0.50g of imidazole type diamine ionic liquid (1, 3-bis (aminoethyl) -2-methylimidazolium bromide) was dissolved in 7mL of N, N-dimethylacetamide, and 20 mole fraction of DBU as the ionic liquid was added. Injecting the precursor solution into a reaction kettle, purging with carbon dioxide for 5min to remove oxygen, heating to 200 deg.C, and introducing 4MPa CO₂Stirring and reacting for 24 hours, washing the solid precipitate with ethyl acetate for multiple times and drying to obtain CO₂And (3) ionic polyurea.

Example 8 0.50g of imidazole-type diamine ionic liquid (1, 3-bis (aminoethyl) -2-methylimidazolium bromide) was dissolved in 7mL of N, N-dimethylacetamide and 20 mole fraction of DBU was added as ionic liquid. Injecting the precursor solution into a reaction kettle, purging with carbon dioxide for 5min to remove oxygen, heating to 200 deg.C, and introducing 10MPa CO₂Stirring and reacting for 12h, washing the solid precipitate with ethyl acetate for multiple times and drying to obtain CO₂And (3) ionic polyurea.

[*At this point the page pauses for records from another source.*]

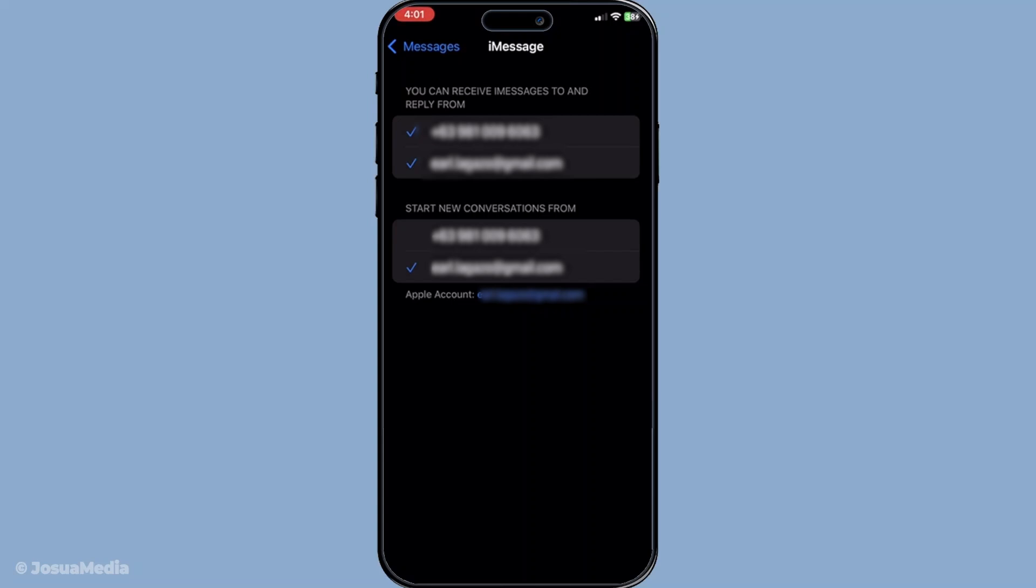You're done. Your new email is now linked to iMessage. Now if you want to remove an email address from iMessage—maybe you've changed addresses or just wish to declutter—here's how you do it.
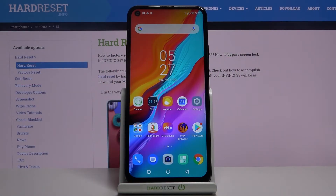Here I have Infinix S5 and today I'm going to show you how to change keyboard language on this device.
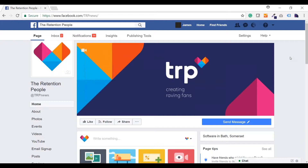Ever been scrolling through your newsfeed and found an advert for some washing detergent from a company you aren't following? Maybe a two-for-one offer at the local cinema or movie theatre. Chances are they've paid to put themselves in front of you as a member of their target audience. This advert is essentially a boosted post, like a normal Facebook post, but with a paid boost to get it in front of a specific audience defined by the advertiser, who do not necessarily follow that brand and therefore wouldn't normally see their content.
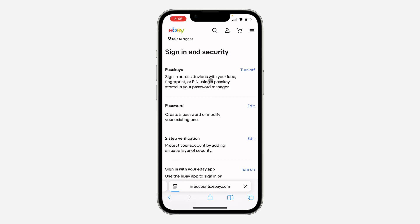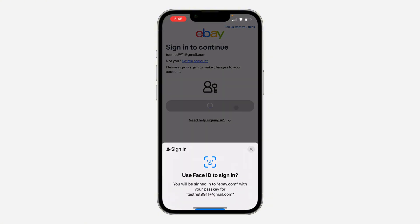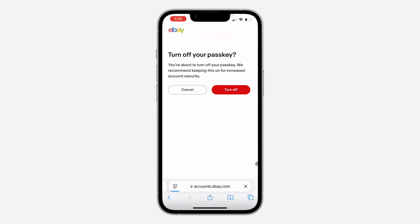Under sign in and security, you are going to turn off in front of passkey. So click on it and now click on sign in with the passkey. So I think we need to sign into our account first. So once you click on it, you are going to turn off.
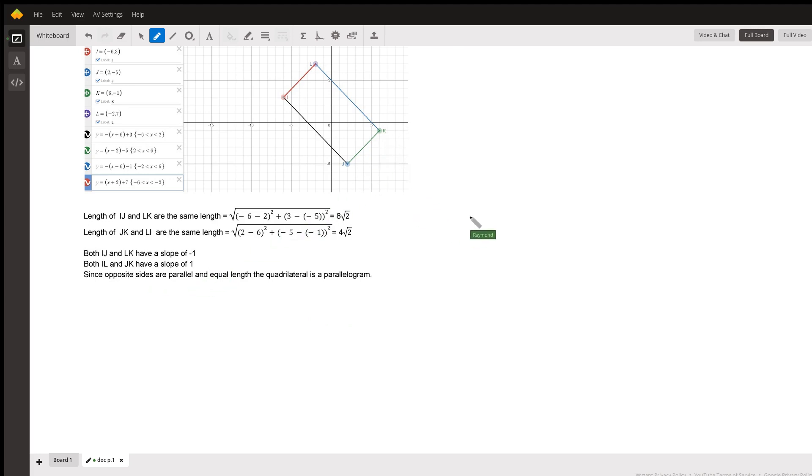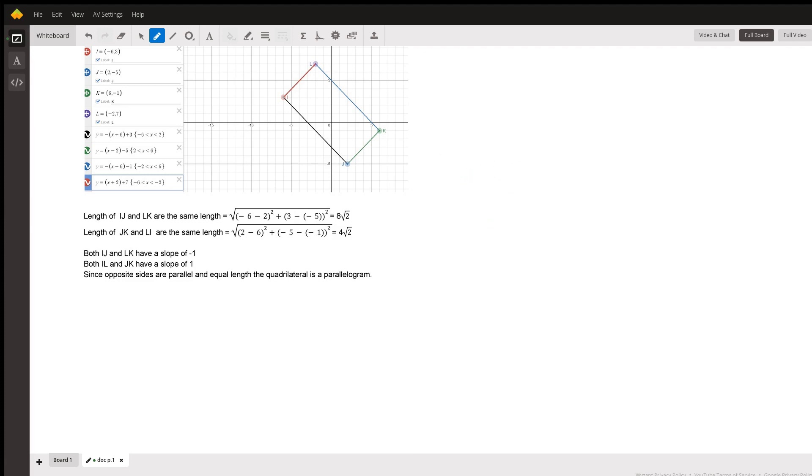So any quadrilateral where the opposite sides have equal lengths and the slopes of opposite sides are also equal will form a parallelogram. Now you'll also notice that the slopes of these sides are negative reciprocals,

The embodiments described above are described to facilitate an understanding and use of the invention by those skilled in the art. It will be readily apparent to those skilled in the art that various modifications to these embodiments may be made, and the generic principles described herein may be applied to other embodiments without the use of the inventive faculty. Therefore, the present invention is not limited to the above embodiments, and those skilled in the art should make improvements and modifications within the scope of the present invention based on the disclosure of the present invention.